Este es uno de los problemas que ven los defensores de la inclusión: que el derecho a decidir sistema educativo, especial u ordinario, solo asiste a quién elige especial. “El caso de España es una anomalía”, asegura Martín Blanco, de Cermi. “Que no haya casos de familias que tengan que litigar con el estado para defender el derecho a la educación de su hijo. Hay que hablar de libertad en todos los sentidos: que quien quiera ir a la especial pueda porque va a seguir abierta, pero también que pueda quien quiera ir a la ordinaria con garantías y recursos si así lo pide”.
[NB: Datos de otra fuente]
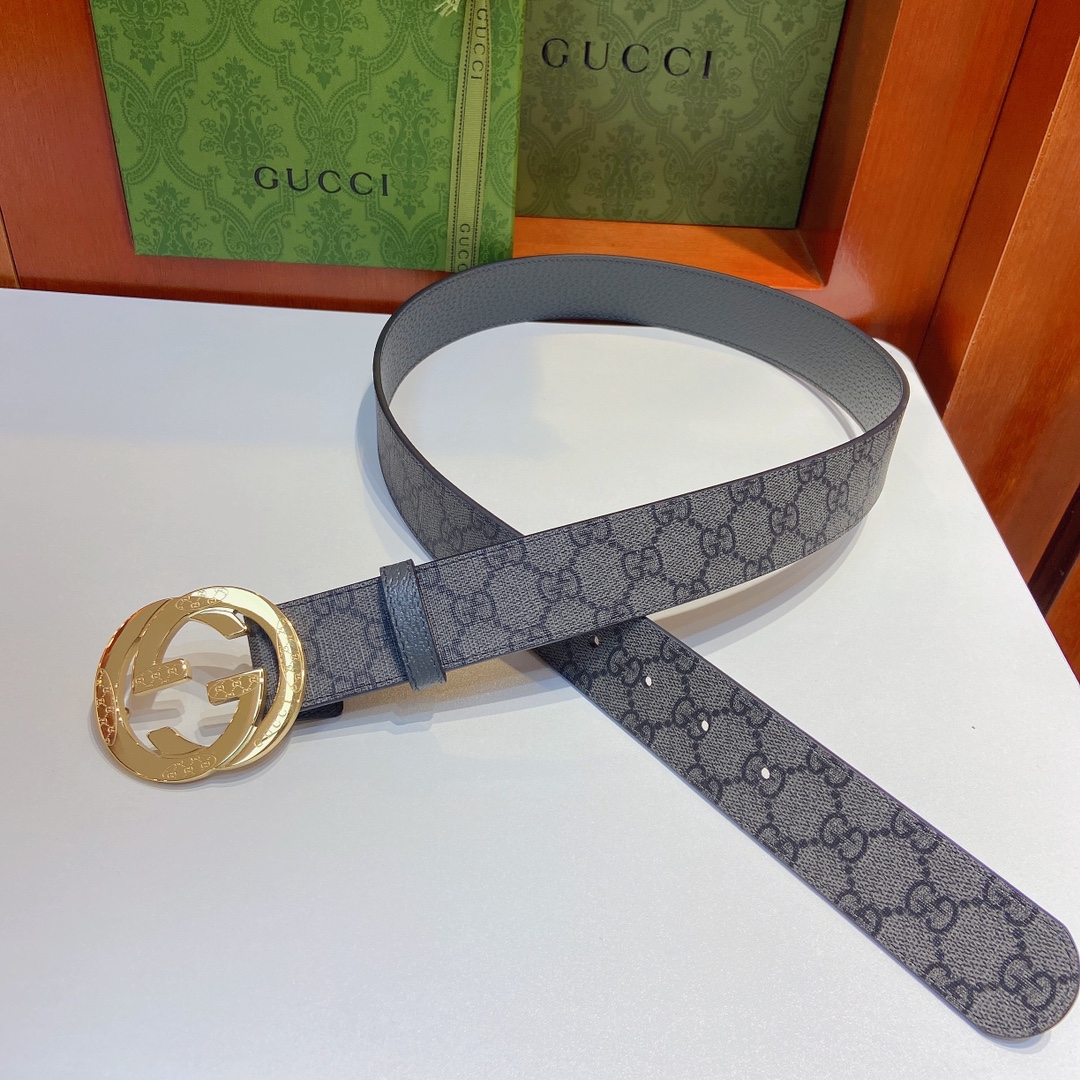 Gucci古奇经典款双面原厂面料搭配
Los recursos. Ese elemento muy tangible que resolvería la cuestión por sí mismo si abundara. La ONU dice –y las sentencias emitidas en España van detrás– que el ideal es dotar a los centros ordinarios de recursos para que puedan atender correctamente al alumnado con necesidades de apoyo. También es el objetivo declarado de la ley, aunque los actores implicados no lo ven realista sin una memoria económica. La realidad es que el sistema, en general, tiene el mismo presupuesto que hace diez años.
El colegio TAO, especializado, tienen 60 alumnos en tres etapas atendidos por 23 profesionales. Más de un profesor, especialistas en distintas disciplinas, por cada tres alumnos de media. En las aulas hay entre 5 y 8 alumnos, siempre con un mínimo de dos docentes, algo impensable para el sistema ordinario, que tiene clases de 25 alumnos en ejemplo bueno y podría aspirar a tener un profesor de refuerzo. “Pónganse”, dicen los defensores de la inclusión y mandan los jueces en sus sentencias, y déjense los centros de especial como centros de recursos. “No entendemos esta contraposición, máxime cuando la Lomloe habla de atención personalizada, centrada en el alumno”, que es lo que hace la educación especial, rebate Rojo. “¿Cuál es el problema de que existan?”.
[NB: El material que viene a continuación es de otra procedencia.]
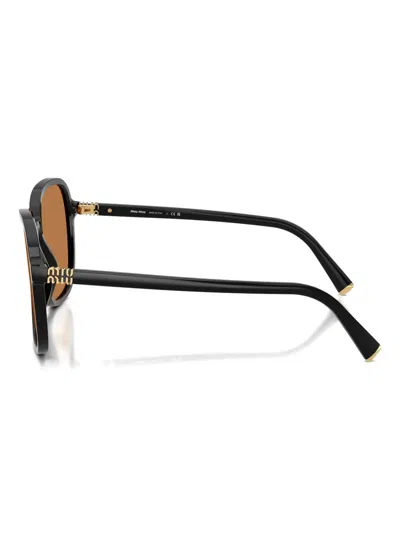 Miu Miu Woman Sunglass Mu B01sf In Brown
También flota en el ambiente el asunto de la socialización. Uno de los principales argumentos de los defensores de la inclusión es que el alumnado con discapacidad tiene el derecho a socializar con sus compañeros ordinarios y al revés: “Los niños en las escuelas ahora van a ser los adultos que gobiernen este país. ¿Cómo van a ver o tratar a una persona con parálisis cerebral si no la han visto en su vida?”, se pregunta Martín Blanco, del Cermi.
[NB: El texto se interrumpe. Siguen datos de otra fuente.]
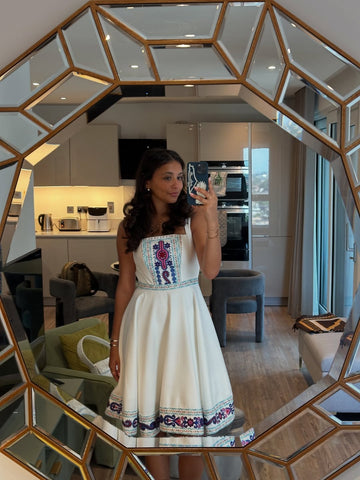 BYSARAD FASHION HOUSE HENNA DRESS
Como sucede en este tema, el mismo argumento se utiliza para lo contrario. “No le puedo comprar amigos a mi hijo”, observa Rojo. “En su centro convive con sus iguales y le lleva a estar socialmente aceptado, a gusto, hacer amigos. Le puedo poner profesores, terapia, ayuda, llevarle a deportes. Pero los amigos se hacen por afinidad y hay niños de 14 años a los que les gusta Pepa Pig. A mi hijo le cuentan un chiste y a lo mejor no lo entiende. Y para nosotros la parte social es importante, más que la educativa”, cierra.
El director López coincide con Rojo en señalar un momento que se está revelando como problemático en estos jóvenes. El colegio TAO, cuenta López, está especializado en chicos que pasan a la secundaria, cuando “los problemas a nivel emocional se acrecentan. El desfase con los compañeros crece, están entrando en la adolescencia y sabemos lo crueles que pueden llegar a ser los chicos. Observamos situaciones complicadas de rechazo a contextos ordinarios o bullying”, asegura.